Thursday, June 4, 2020

Separating issues

Is police brutality a problem? Yes.

Do I have to accept what any black person says about white people as if it's the absolute truth? No.

Do I have the 1st Amendment right to call out black racism toward white people? Yes, and I almost never do.  It is the last thing I ever want to say about anyone.

Never in my life, before 2010, did I have a reason to dislike even one black person.

From all of my years of blogging, who can think of my having issued statements about what black people are like as a group? Can anyone do that?  I don't think so.

Can anyone think of my having used the n-word in all of that time, in a decade of written and filmed posts in which swear words are liberally scattered? I know that NOBODY can; it is not there, not in the hundreds of thousands of words that I have written and spoken.  There is one post in which I wrote about my observations of how some of the black people whom I knew used the word.
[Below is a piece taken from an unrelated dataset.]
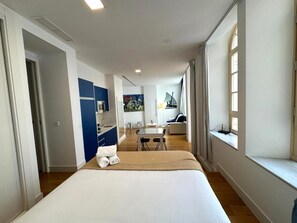 A modern hotel room with a large bed, a small kitchenette, a dining area, and a view of the sea through a window. - Premium and Cathedral View 1 (Málaga)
I hope that everyone that has accused me explicitly or otherwise of racism reads it.

I do not use that word.  I don't use it seriously.  I don't use it as a joke.  I don't try to copy black speech and say it in a friendly way.  That word does not come out of my mouth, my pen or my keyboard.  I understand that the word is off-limits to me forever and is the possession of the black community to use, avoid or decry as the community deems appropriate.

I have nothing to be ashamed of in my conduct toward black people.  Can every black person who knows who I am say the same about his or her conduct toward me?